If My Grandmother Had Wheels (for NaPoWriMo, Day 27)

In my blood, I’d go to the men’s room,
the bathroom at Sears, she said.
If pigs had wings, she’d be a streetcar,
she said, and I would have been a bus.

I smile at the Midwestern women. If my aunt
had balls like them, or the pioneer women
crossing the plains, she’d be a bicycle. I would
have been a bus, and we would bottle Paris.

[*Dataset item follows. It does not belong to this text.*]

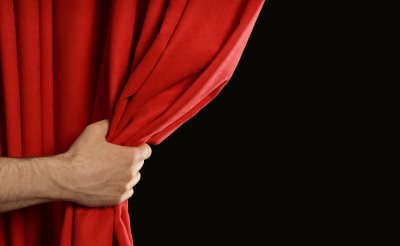 zavesa pred predstavu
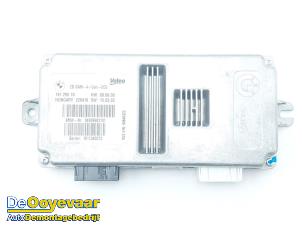 Gebruikte Camera module BMW X5 (F15) xDrive 40e 2.0 Prijs € 199,99 Margeregeling aangeboden door Autodemontagebedrijf De Ooyevaar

This counterfactual thinking. It is fruitless
to speculate about counterfactual situations.
She’d be my uncle, my aunt; she’d wash
her feet in the sink if we could bottle Paris

and make a ham and cheese sandwich
as respectable Sears matrons flutter
their hands, their support knee-highs,
her feet in the sink. But it is fruitless,

this counterfactual speculation. Fruitless,
my uncle, my aunt, even my grandmother,
though I suspect she has bottled Paris,
wagoned it all the way home.

 

 

NaPoWriMo, Day 27 prompt: Take a common expression, do a Google search for its first three words, then skim the first few pages that result, looking for interesting lines and images. I used “If my grandmother had wheels, she’d be a wagon,” which apparently, many people know from a Star Trek movie. The second result was, of all things, a poem by Mohja Kahf, some lines of which I’ve borrowed or adapted here.